Huzaima Bukhari & Dr. Ikramul Haq
“….the raison d’être of establishing special tribunals has been to dispense better quality of justice where people, better trained in particular fields and disciplines could provide quality decisions and resolution of disputes…. Appointing members to these tribunals on political basis or who are otherwise incompetent or have doubtful integrity would prove completely counterproductive…..”—2000 PTCL CL 515
January 25, 2016 is the platinum jubilee of Income Tax Tribunal [renamed as Appellate Tribunal Inland Revenue (ATIR) on October 28, 2009], an event that will go unnoticed in Pakistan.
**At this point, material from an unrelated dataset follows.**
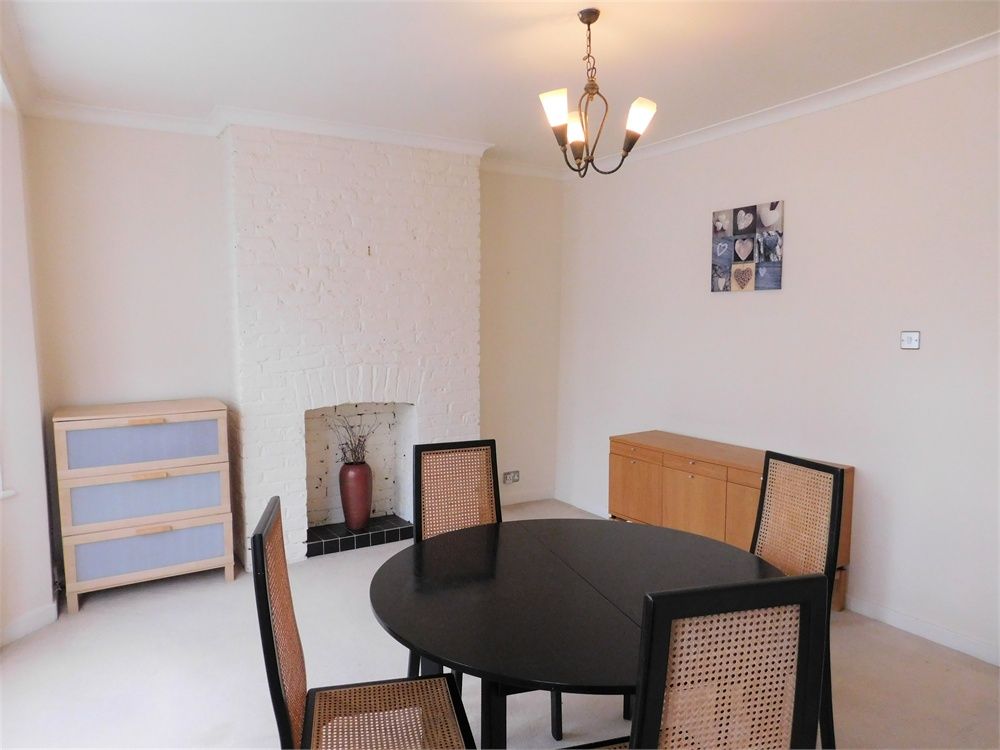 Shirley Gardens, Hanwell, London, W7 3PT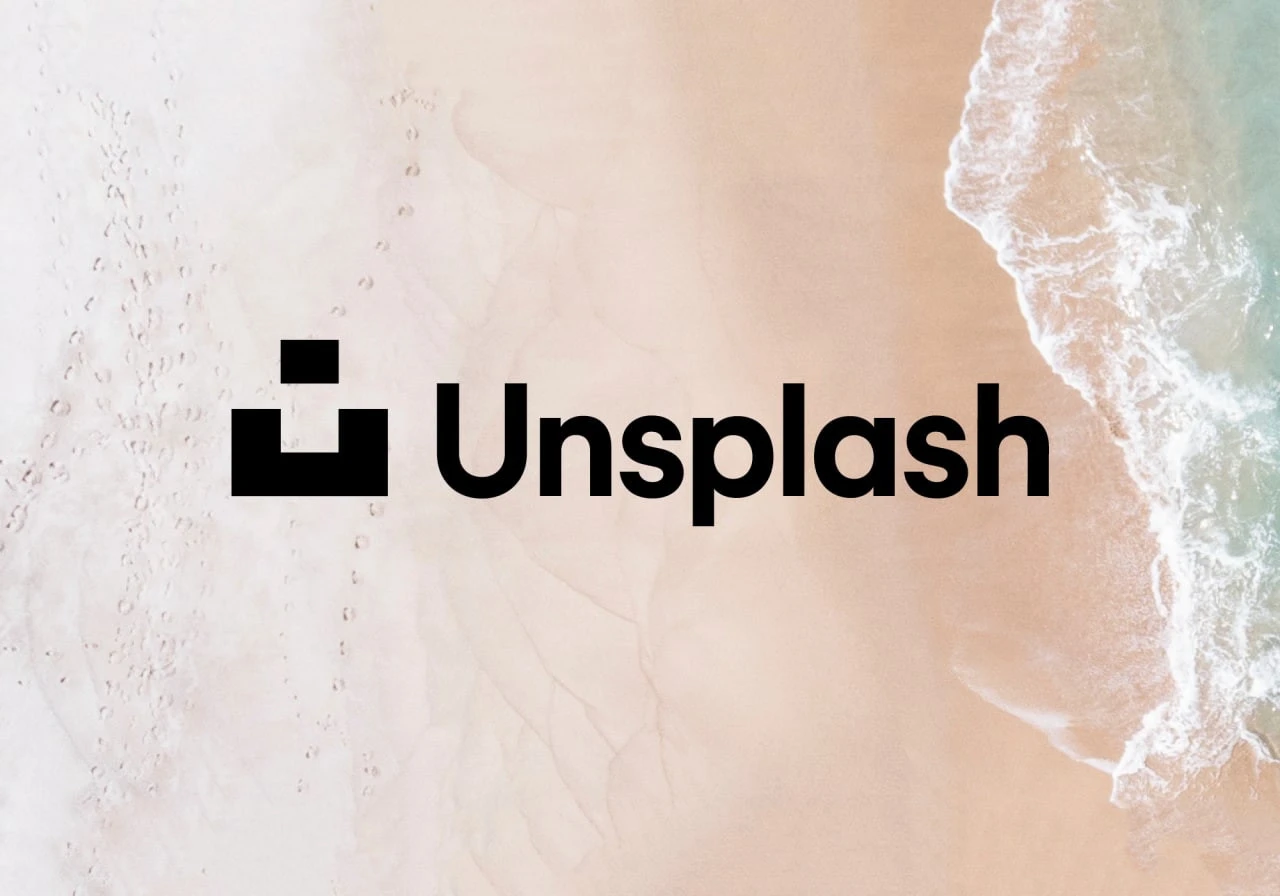 Символ і словесний знак Unsplash на фотографії узбережжя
Neither the Ministry of Law nor All Pakistan Tax Bar has even taken notice of it. On the contrary in India, the event is going to be celebrated in a befitting manner with great fanfare. The two-day celebrations at Convention Hall, Ashok, Chanakyapuri, New Delhi on 24th & 25th January, 2016, will be honoured by President of India as chief guest. The event will be attended by Chief Justice of India, Union Minister of Finance, Corporate Affairs and Information & Broadcasting, Union Minister of Law & Justice and Union Minister for Communications & Information Technology. Where are our judiciary and government?
Ignoring an historic event shows how much importance we give to administration and dispensation of justice. The tax appellate system is at the brink of collapse in Pakistan. The present Chairman ATIR is facing litigation; his appointment is challenged in Lahore High Court. This is the way we celebrate platinum jubilee of an institution having quite a chequered history. ATIR is now in doldrums due to politicization and infighting. What a sorry state of affairs on its platinum jubilee!
The decadence of tax tribunals—Customs and Inland Revenue—in Pakistan, like many other institutions, is highly lamentable. In 2013, the Federal Board of Revenue (FBR) managed to hoodwink the government of Nawaz Sharif by including in the Finance Act 2013 a number of unconstitutional provisions relating to ATIR. The most serious violation of the supreme law of the land was amendment in section 130 of the Income Tax Ordinance, 2001 facilitating appointment of departmental officials as ‘Judicial Members’ in ATIR.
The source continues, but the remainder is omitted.